Contraception Study Lancet 1981). WHI didn't report data separated for

ever-smokers. When they do (quietly, with embarassment), I predict never-smokers

will be found to have significantly LESS heart disease when taking

estrogen-progestin than placebo. What is true for some (radiologists) may not be

true for others who seem the same (physicians generally).



I believe most Americans don't have enough ionizing radiation. We need placebo

controlled trials. Will Bill Field and John Jacobus sign on to the ethics?



Howard Long



Gary Isenhower wrote:



> I agree with Jerry 100%.  Also, the discrepancy between radiologists and

> non radiologists is very remarkable - so much so, that the lack of any

> comment on it is equally remarkable.

>

>     _______________________________________________

>

>         Gary Isenhower

>         713-798-8353

>         garyi@bcm.tmc.edu

>

> Jerry Cohen wrote:

> >

> >     Although I took a few courses in the subject many  years ago while in

> > grad school, I would also not consider myself an epidemiologist. However, I

> > don't believe that the practice of epidemiology  requires abandonment of

> > common sense.

> >     Of course, it is best to base studies on the best data one can obtain.
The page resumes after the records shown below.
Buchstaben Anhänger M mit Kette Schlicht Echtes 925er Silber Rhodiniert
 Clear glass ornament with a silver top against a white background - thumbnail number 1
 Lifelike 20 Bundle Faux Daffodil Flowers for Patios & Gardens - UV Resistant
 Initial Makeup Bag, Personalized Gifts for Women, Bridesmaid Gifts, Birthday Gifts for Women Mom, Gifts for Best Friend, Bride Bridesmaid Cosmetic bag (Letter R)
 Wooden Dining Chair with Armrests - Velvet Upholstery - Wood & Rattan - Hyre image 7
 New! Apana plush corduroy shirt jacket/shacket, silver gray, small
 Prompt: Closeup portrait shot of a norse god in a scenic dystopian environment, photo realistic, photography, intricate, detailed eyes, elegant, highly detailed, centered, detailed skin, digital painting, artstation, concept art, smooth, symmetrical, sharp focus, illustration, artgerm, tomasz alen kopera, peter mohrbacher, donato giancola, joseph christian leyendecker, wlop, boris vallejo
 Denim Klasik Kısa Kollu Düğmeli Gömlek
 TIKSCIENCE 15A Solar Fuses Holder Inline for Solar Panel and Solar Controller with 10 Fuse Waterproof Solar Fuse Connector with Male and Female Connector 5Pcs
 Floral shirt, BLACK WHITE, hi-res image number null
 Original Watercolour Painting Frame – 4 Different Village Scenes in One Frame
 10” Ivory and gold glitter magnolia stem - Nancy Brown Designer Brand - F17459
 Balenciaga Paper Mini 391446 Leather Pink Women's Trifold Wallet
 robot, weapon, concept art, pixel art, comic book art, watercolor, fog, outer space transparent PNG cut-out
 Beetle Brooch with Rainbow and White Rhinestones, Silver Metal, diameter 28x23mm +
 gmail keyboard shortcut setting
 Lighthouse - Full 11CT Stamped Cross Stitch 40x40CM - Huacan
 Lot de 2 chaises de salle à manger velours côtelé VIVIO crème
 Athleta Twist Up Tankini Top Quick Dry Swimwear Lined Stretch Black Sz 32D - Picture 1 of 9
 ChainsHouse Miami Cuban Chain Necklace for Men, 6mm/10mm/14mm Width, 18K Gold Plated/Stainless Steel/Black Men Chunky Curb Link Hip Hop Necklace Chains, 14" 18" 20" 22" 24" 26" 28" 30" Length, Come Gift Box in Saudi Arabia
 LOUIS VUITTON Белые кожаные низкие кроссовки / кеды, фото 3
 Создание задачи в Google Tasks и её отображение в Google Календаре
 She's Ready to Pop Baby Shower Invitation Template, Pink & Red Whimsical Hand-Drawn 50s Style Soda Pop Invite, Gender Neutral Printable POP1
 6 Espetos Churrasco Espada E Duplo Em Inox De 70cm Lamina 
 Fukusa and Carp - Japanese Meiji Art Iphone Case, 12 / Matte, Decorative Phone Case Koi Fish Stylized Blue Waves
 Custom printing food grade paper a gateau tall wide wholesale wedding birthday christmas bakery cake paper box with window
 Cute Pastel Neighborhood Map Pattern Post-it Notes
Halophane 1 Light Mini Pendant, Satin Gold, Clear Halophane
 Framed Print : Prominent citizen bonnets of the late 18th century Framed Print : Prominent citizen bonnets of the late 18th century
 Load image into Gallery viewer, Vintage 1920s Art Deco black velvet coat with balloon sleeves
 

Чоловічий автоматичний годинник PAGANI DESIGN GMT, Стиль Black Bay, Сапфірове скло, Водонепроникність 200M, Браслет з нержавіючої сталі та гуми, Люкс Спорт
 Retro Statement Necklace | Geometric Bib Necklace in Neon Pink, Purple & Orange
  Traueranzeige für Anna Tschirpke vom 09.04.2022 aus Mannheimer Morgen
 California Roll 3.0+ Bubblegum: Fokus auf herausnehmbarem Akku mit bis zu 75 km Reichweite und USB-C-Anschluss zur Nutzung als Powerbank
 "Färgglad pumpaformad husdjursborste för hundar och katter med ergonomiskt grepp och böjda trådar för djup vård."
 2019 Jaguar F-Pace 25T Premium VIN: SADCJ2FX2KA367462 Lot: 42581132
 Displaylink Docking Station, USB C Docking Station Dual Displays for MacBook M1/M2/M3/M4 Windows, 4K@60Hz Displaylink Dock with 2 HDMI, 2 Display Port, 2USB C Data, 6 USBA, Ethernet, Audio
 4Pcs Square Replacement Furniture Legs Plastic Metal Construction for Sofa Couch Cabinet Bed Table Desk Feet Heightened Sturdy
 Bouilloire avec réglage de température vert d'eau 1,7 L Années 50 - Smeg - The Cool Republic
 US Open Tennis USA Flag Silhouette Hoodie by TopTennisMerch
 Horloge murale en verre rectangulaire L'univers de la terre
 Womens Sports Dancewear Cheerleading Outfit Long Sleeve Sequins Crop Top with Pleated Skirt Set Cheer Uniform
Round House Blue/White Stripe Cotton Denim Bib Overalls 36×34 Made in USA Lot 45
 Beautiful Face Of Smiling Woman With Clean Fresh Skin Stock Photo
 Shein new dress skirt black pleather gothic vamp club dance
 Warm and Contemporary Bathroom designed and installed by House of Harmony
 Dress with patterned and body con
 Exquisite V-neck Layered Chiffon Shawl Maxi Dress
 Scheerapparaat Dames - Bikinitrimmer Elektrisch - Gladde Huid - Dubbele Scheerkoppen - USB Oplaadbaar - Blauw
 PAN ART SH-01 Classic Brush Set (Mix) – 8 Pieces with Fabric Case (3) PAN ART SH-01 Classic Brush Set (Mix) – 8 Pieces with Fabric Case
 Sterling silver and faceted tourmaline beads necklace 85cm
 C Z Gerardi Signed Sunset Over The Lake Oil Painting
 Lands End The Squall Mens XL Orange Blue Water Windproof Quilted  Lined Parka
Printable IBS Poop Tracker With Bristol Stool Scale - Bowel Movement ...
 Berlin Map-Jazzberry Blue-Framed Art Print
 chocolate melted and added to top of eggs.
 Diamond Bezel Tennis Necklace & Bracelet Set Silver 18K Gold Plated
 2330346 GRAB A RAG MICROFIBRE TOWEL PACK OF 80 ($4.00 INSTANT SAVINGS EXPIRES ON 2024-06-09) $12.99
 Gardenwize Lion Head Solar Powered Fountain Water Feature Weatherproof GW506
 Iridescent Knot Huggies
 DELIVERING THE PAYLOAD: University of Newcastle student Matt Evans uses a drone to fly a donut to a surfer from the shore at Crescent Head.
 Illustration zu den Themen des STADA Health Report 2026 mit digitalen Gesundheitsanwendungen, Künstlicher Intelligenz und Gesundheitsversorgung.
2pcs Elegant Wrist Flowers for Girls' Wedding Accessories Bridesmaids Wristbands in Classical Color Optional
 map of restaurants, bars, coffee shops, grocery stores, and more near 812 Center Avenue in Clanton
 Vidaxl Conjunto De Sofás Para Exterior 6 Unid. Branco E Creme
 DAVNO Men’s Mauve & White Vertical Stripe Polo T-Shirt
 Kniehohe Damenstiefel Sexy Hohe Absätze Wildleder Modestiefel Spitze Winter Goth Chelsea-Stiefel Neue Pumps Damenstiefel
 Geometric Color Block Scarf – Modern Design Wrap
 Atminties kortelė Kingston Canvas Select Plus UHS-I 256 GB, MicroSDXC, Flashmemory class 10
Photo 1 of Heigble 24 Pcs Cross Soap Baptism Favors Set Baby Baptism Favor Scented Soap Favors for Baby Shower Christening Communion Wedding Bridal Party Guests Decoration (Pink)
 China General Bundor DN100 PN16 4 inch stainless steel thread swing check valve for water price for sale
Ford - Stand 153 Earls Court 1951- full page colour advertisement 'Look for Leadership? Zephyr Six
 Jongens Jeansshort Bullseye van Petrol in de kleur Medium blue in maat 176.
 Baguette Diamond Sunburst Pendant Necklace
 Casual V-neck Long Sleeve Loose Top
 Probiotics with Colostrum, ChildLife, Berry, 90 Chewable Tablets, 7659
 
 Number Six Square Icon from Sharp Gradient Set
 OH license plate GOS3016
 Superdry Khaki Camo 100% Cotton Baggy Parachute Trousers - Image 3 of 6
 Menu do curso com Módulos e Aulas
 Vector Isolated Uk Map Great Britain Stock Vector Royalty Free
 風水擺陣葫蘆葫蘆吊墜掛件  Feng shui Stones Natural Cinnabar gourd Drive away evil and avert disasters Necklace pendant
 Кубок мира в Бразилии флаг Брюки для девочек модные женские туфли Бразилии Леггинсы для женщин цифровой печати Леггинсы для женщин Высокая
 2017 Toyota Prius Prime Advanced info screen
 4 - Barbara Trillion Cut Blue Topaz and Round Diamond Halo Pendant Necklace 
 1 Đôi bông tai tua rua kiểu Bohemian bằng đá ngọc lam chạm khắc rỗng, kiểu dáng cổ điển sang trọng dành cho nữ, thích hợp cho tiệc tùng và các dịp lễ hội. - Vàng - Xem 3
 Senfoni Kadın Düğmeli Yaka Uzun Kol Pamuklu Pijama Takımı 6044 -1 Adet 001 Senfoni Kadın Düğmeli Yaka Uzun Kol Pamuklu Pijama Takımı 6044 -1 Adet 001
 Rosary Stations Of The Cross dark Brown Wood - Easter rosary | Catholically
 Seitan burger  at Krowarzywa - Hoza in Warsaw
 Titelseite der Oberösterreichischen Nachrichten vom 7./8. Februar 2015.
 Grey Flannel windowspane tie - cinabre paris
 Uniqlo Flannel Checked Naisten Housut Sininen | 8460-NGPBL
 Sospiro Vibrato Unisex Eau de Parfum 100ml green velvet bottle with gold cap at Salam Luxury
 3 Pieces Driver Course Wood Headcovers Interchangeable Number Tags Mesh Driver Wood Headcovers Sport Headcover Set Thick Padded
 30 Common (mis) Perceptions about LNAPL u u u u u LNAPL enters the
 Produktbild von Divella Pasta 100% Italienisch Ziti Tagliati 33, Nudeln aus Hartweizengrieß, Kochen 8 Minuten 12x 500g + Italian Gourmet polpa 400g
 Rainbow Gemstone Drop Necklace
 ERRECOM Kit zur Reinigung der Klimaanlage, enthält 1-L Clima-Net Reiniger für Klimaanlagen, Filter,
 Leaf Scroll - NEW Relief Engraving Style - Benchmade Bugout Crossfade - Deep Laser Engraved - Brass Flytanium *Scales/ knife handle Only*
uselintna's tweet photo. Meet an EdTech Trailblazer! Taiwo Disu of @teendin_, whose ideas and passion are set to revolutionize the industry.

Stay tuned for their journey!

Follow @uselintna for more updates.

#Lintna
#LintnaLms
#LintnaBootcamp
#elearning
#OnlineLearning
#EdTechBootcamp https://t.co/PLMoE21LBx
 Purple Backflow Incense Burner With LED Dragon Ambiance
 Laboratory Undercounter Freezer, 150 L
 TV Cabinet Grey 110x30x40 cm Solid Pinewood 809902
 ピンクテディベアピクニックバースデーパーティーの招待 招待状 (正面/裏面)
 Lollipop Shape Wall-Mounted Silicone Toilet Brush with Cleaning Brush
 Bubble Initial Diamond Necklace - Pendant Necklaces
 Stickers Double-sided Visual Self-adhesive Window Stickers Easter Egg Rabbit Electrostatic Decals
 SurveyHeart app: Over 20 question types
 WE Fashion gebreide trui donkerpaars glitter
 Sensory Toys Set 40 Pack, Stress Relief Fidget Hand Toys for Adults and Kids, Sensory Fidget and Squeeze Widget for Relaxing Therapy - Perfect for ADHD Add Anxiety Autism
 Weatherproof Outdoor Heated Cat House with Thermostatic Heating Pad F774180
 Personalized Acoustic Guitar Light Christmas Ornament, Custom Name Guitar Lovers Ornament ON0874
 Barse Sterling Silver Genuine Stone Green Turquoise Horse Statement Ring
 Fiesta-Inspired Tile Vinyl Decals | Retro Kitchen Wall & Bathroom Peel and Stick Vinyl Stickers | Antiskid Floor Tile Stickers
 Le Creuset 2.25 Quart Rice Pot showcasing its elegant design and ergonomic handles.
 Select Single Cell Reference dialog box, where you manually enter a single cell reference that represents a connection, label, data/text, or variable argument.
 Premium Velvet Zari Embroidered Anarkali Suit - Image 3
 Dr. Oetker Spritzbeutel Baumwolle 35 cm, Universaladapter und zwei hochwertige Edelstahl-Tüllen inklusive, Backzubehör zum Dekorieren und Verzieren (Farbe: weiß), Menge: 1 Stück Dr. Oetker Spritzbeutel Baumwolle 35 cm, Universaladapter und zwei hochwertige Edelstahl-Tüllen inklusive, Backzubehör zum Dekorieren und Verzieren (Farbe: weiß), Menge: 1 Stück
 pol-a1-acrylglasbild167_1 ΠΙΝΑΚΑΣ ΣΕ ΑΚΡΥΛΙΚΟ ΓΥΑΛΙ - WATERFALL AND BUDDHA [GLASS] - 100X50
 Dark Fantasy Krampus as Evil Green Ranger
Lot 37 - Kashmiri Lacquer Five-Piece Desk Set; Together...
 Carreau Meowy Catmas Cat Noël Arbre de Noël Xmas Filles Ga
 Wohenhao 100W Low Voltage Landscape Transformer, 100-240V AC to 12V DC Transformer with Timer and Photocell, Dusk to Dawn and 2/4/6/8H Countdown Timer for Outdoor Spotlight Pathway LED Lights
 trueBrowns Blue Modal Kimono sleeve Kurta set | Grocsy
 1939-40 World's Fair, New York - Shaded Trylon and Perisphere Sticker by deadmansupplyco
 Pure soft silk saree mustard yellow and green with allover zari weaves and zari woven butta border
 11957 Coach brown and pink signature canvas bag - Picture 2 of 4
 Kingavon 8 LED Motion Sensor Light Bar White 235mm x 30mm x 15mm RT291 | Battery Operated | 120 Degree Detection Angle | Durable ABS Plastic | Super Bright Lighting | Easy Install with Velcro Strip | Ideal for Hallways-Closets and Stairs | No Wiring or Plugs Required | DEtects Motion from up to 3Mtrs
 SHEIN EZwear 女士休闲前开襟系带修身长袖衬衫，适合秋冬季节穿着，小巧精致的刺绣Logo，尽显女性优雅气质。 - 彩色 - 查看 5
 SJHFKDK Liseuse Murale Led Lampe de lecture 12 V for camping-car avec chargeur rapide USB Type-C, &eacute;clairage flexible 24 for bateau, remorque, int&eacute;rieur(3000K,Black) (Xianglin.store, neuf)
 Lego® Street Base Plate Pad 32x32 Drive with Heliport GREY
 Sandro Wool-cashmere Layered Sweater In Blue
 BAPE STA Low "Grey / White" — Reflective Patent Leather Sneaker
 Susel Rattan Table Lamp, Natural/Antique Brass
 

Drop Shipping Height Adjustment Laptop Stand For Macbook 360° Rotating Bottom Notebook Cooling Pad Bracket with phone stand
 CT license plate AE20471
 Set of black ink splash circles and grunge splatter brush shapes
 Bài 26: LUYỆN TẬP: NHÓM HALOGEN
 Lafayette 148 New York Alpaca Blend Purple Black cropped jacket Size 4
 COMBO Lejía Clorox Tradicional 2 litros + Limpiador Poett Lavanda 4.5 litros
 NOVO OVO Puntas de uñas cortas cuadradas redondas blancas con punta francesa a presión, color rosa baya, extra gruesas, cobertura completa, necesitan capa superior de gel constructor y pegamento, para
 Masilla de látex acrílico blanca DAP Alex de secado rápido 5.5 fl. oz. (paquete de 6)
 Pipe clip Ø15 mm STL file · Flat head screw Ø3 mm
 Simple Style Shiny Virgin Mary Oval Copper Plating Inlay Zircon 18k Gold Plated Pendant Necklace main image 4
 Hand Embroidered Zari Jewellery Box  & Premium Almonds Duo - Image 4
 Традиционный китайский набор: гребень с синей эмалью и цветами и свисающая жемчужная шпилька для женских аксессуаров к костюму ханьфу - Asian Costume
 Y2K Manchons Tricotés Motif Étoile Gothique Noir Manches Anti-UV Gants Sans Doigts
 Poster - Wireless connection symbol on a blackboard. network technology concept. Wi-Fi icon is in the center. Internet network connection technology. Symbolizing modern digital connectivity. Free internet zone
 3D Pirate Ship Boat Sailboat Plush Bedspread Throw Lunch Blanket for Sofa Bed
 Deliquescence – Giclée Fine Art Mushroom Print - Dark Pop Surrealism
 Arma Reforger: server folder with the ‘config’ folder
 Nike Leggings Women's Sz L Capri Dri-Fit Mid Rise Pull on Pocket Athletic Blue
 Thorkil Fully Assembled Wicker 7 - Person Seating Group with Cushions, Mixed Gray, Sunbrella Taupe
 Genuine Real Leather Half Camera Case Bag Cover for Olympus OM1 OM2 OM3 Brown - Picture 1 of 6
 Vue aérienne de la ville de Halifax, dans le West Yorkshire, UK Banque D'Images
> > Sometimes such data are simply unavailable and reasonable assumptions must

> > be substituted.

> > In this regard, precise dosimetric data on radiation exposure levels for

> > radiologists vs.

> > non radiologist physicians are  unavailable. However, isn't it reasonable to

> > assume that

> > radiologists generally experience significantly greater radiation exposures

> > than do other specialists--- or that they do not smoke  significantly more

> > or less? Similarly, lacking precise data, isn't it reasonable to assume that

> > smoking habits in high vs. low radon areas are about the same?